Cross-modal Retrieval for Knowledge-based Visual Question Answering
This work addresses the problem of improving visual question answering for named entities, which is incremental as it builds on existing retrieval methods.
The paper tackles the challenge of recognizing named entities in knowledge-based visual question answering by using cross-modal retrieval to bridge the semantic gap between entities and their visual depictions. It shows that combining mono- and cross-modal retrieval with a CLIP-based model achieves competitive performance on three datasets, being simpler and cheaper than billion-parameter models.
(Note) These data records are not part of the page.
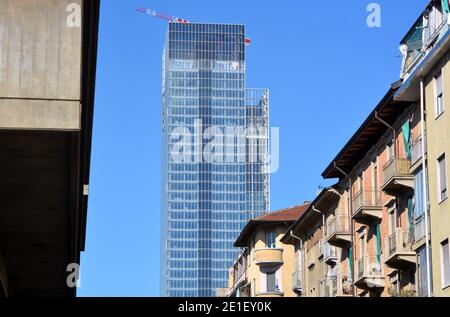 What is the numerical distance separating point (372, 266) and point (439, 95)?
1171 centimetres

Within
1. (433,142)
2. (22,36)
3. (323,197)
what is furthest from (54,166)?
(323,197)

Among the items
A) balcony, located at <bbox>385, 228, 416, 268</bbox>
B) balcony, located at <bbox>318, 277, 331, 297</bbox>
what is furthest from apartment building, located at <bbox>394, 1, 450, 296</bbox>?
balcony, located at <bbox>318, 277, 331, 297</bbox>

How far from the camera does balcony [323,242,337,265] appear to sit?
55906 mm

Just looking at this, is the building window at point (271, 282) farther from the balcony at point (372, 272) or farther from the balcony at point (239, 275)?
the balcony at point (372, 272)

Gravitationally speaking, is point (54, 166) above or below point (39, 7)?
below

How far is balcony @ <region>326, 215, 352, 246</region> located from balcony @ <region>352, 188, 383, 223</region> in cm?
285

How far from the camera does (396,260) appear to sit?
41750 millimetres

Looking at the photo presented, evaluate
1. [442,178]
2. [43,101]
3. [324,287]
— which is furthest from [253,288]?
[43,101]

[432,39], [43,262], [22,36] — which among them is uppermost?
[432,39]

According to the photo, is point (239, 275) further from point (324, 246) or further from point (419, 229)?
point (419, 229)

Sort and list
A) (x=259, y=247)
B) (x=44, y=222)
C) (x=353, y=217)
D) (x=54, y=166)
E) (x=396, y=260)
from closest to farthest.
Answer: (x=54, y=166) → (x=44, y=222) → (x=396, y=260) → (x=353, y=217) → (x=259, y=247)

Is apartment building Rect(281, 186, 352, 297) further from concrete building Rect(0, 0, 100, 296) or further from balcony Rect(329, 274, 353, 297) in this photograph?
concrete building Rect(0, 0, 100, 296) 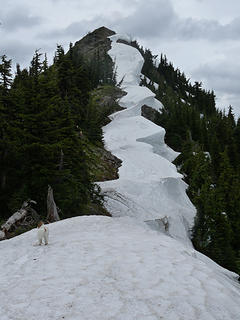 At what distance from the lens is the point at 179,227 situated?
2594 cm

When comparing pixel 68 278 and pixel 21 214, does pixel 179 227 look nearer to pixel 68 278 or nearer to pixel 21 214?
pixel 21 214

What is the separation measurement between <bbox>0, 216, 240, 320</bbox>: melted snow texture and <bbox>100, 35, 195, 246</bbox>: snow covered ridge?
13145 mm

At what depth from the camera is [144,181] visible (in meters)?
29.3

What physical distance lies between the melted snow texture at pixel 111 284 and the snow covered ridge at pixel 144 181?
13.1 m

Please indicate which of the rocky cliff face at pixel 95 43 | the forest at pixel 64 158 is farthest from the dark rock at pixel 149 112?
the rocky cliff face at pixel 95 43

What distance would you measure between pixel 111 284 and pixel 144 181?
2320 centimetres

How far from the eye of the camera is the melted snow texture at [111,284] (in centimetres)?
523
Knowledge-based Visual Question Answering about Named Entities is a challenging task that requires retrieving information from a multimodal Knowledge Base. Named entities have diverse visual representations and are therefore difficult to recognize. We argue that cross-modal retrieval may help bridge the semantic gap between an entity and its depictions, and is foremost complementary with mono-modal retrieval. We provide empirical evidence through experiments with a multimodal dual encoder, namely CLIP, on the recent ViQuAE, InfoSeek, and Encyclopedic-VQA datasets. Additionally, we study three different strategies to fine-tune such a model: mono-modal, cross-modal, or joint training. Our method, which combines mono-and cross-modal retrieval, is competitive with billion-parameter models on the three datasets, while being conceptually simpler and computationally cheaper.